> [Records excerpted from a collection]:
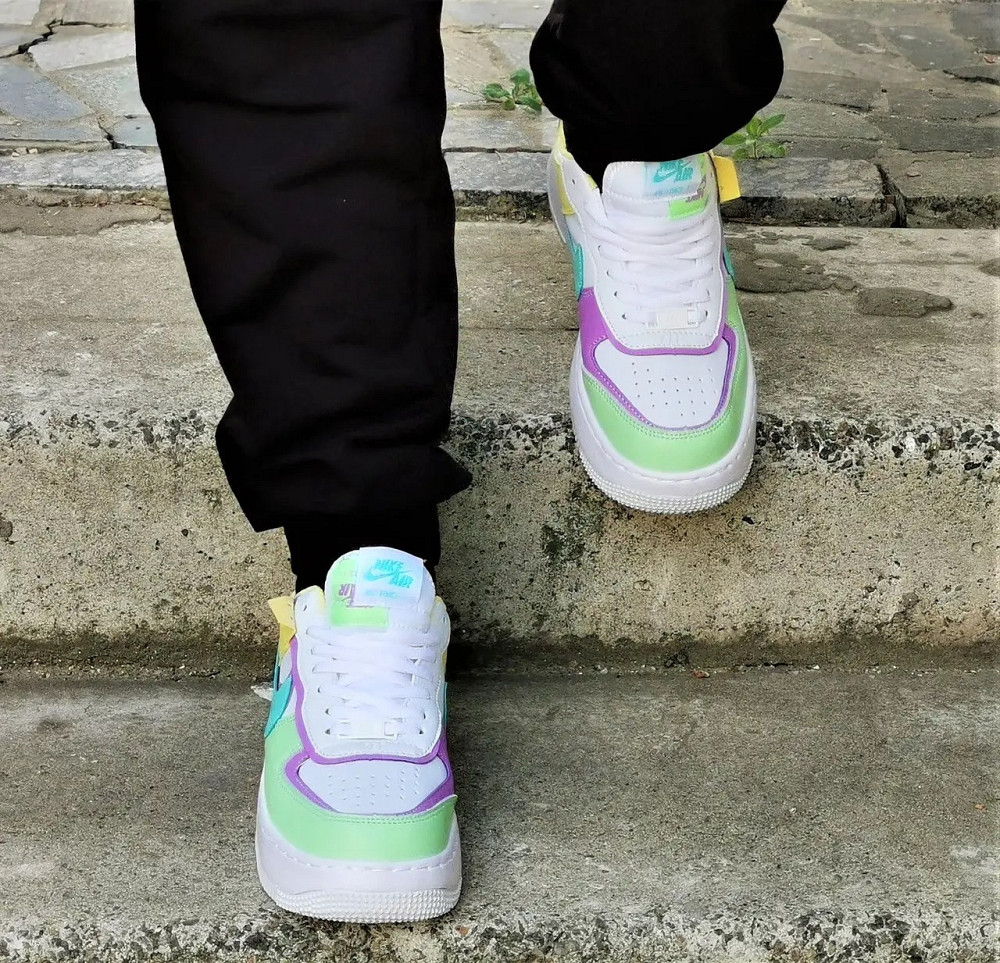 Кроссовки Nike Force Белые Женские Кожаные Форсы Цветные Найк (размеры: 36,37,38,39,40) - 2 Днепр - изображение 3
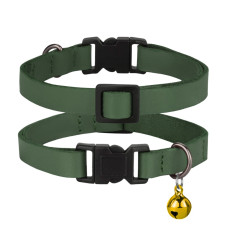 Ошейник кожаный плоский BronzeDog Crazy для Кошек с золотым колокольчиком Зеленый XS 21-30 см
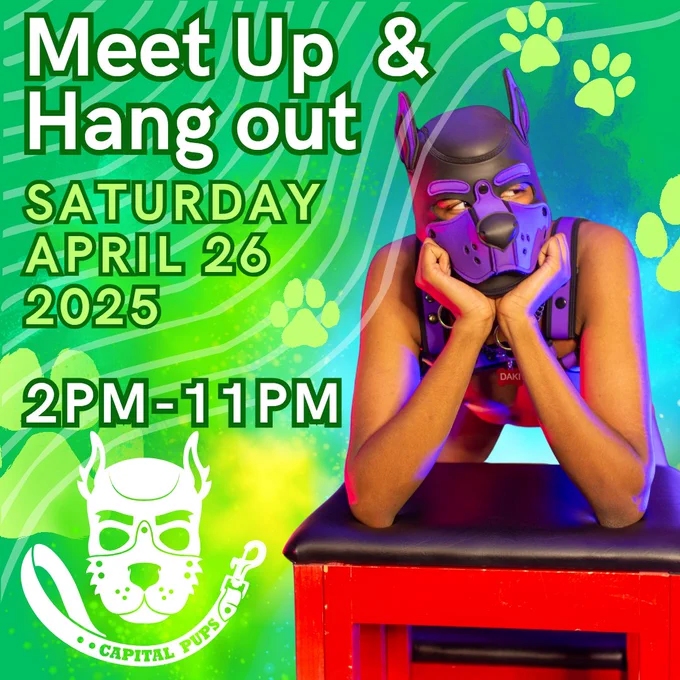 Event flyer for April Hangout in the Ottawa Pet Play community. 
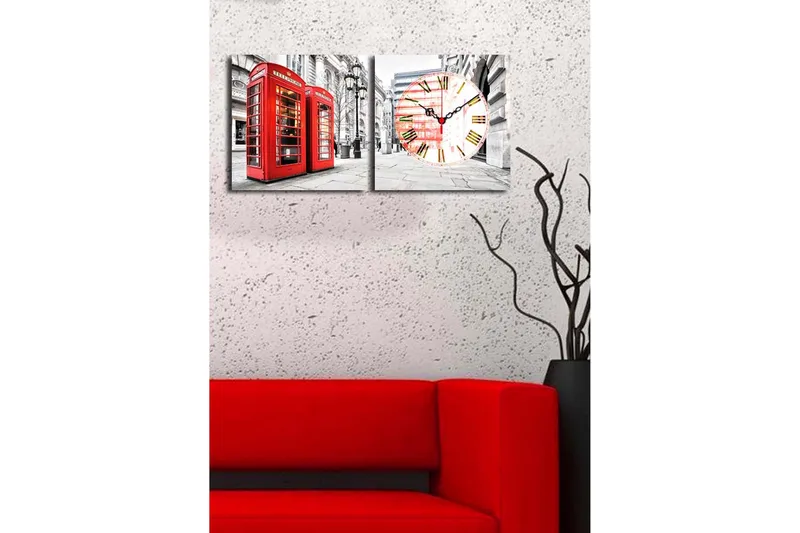 Dekorativ Canvasbilde med Klokke 2 Deler - Flerfarget - Interiør - Veggdekorasjon - Klokker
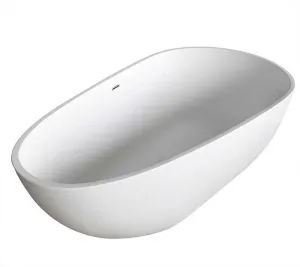 Fiume 67 in. One Piece Anzzi Stone Freestanding Bathtub in White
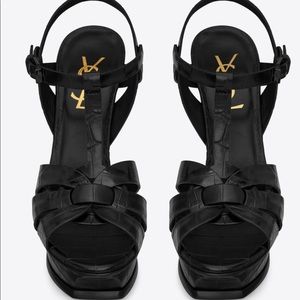 Yves St. Laurent crocodile embossed tribute shoe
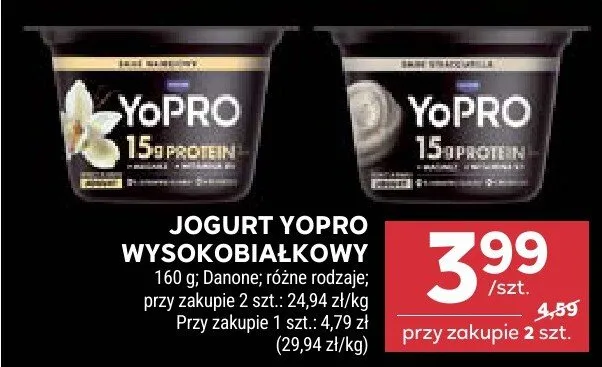 Jogurt YoPro wysokobiałkowy Danone promocja w Stokrotka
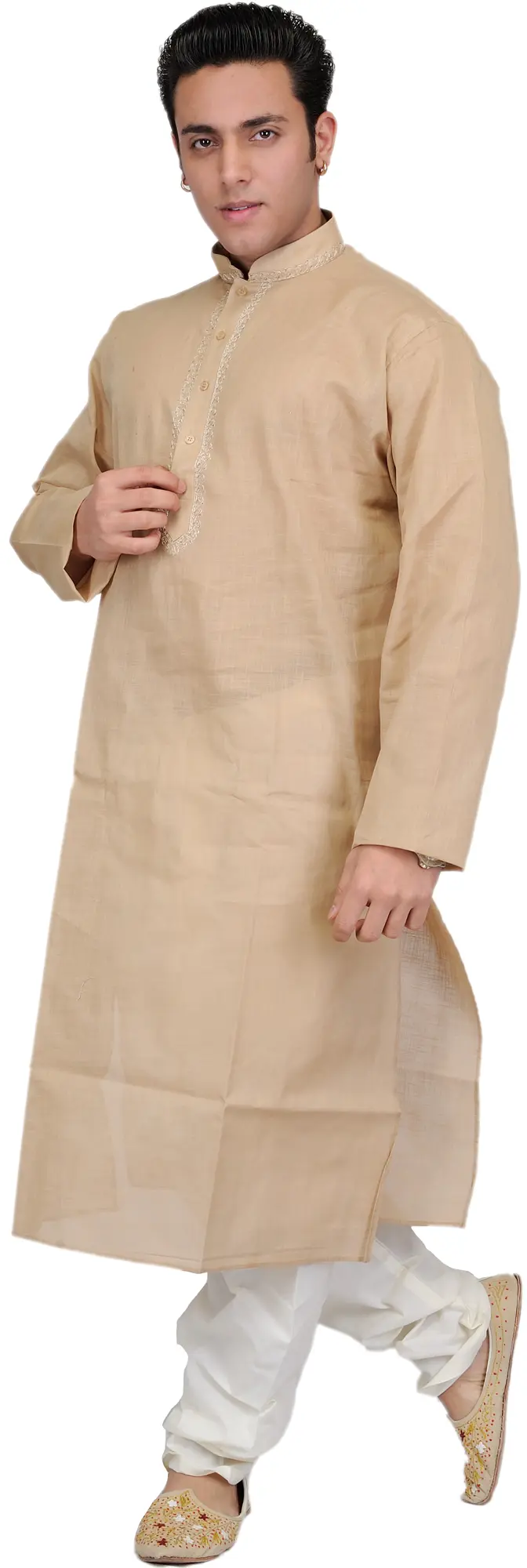 Sand-Beige Kurta Pajama with Thread Embroidery on Neck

> [Problem details]: Quote exactly, and only, the lines from the one containing "Fiume 67 in." through the last line of the records above, both included; leave out any pictures.

> [Exercise answer]:
 Fiume 67 in. One Piece Anzzi Stone Freestanding Bathtub in White
 Yves St. Laurent crocodile embossed tribute shoe
 Jogurt YoPro wysokobiałkowy Danone promocja w Stokrotka
 Sand-Beige Kurta Pajama with Thread Embroidery on Neck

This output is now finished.